Is this a diagram in $\bf Set$-$\bf Mat$?

Christian Williams (Dec 14 2022 at 18:35):

no, it's a transformation. a square in Cat = Mnd(Mat(Set)).

Jean-Baptiste Vienney (Dec 14 2022 at 21:57):

This formula looks interesting but I'm completely lost. So could you really decipher everything? I'd say intuitively that Mat(Set) is the category with objects the nonnegative integers and morphisms $n \rightarrow p$ the matrices $n\times p$ of sets but you can't compose them so what is it? Is it a monoidal category and when you take the category of monoids in this category it gives you the category of categories and functors?

Christian Williams (Dec 14 2022 at 22:44):

Mat(Set) is a double category.

The "category of objects" is that of sets and functions - the left and right halves of the picture, $f:X\to A$ and $g:Y\to B$.

The "category of morphisms" is that of matrices of sets and matrices of functions - the middle of the picture, $\gamma: Q\Rightarrow R$.

Christian Williams (Dec 14 2022 at 22:45):

Vertical composition is function composition. Horizontal composition is matrix composition.

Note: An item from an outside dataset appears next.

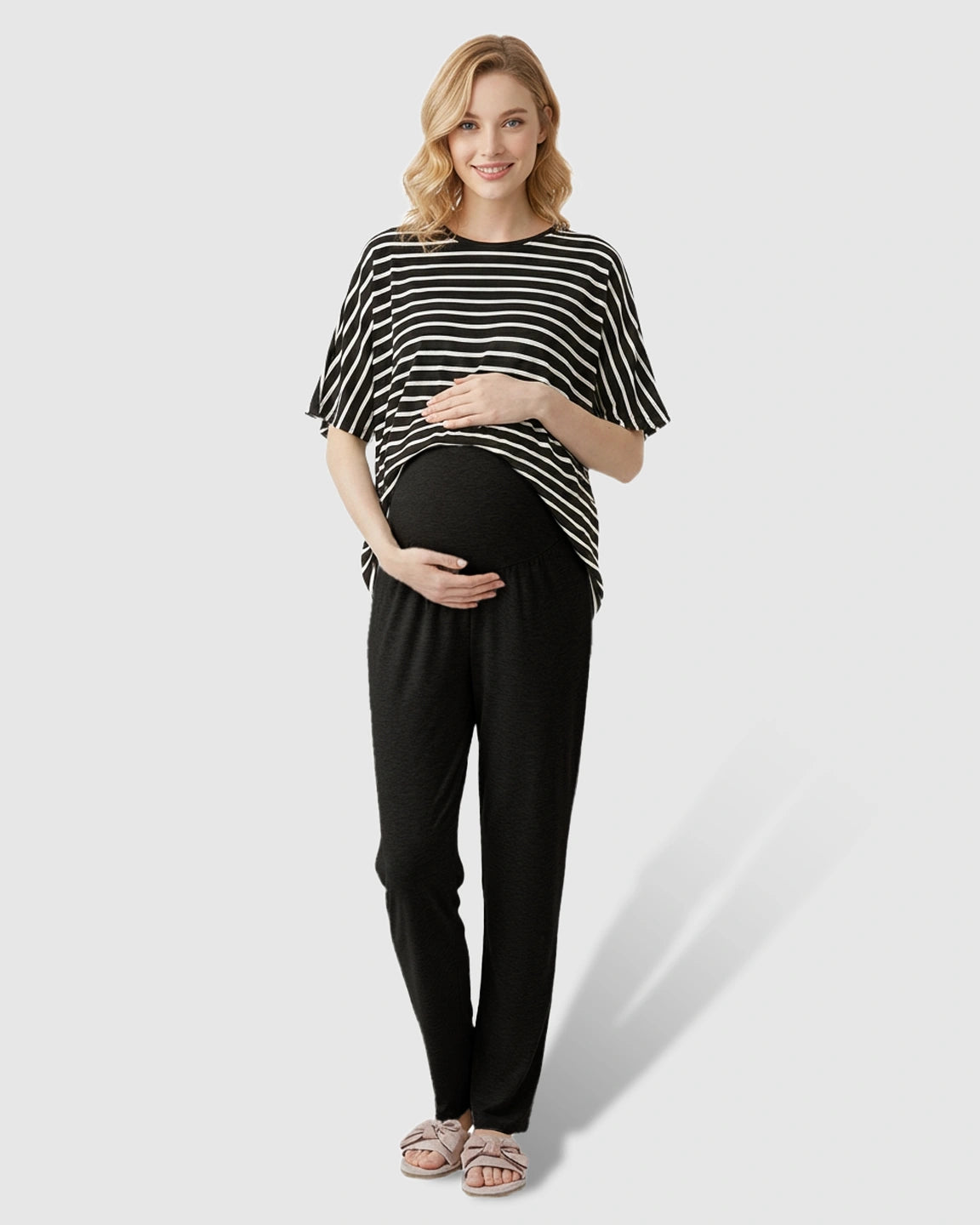 High-Waist Straight-Leg Maternity Pants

Christian Williams (Dec 14 2022 at 22:48):

A monad in Mat(Set) is a category: a set of objects indexing a matrix of hom-sets. I was drawing a square in Cat=Mnd(Mat(Set)) to think about "inverse image of a transformation".

Martti Karvonen (Dec 15 2022 at 01:45):

Christian Williams said:

Vertical composition is function composition. Horizontal composition is matrix composition.

How are the sums in matrix multiplication interpreted?

Christian Williams (Dec 15 2022 at 04:53):

coproduct of sets.

Matteo Capucci (he/him) (Dec 15 2022 at 10:56):

Christian Williams said:

no, it's a transformation. a square in Cat = Mnd(Mat(Set)).

yeah a square, but why Cat?

Matteo Capucci (he/him) (Dec 15 2022 at 10:57):

mmh I see, I was confused by terminology

Matteo Capucci (he/him) (Dec 15 2022 at 10:57):

Christian Williams said:

Yet by inverse image, we can also think of them flowing backward: inf-inv.png

Ok now unpack this :laughing: what is 'inverse image' here?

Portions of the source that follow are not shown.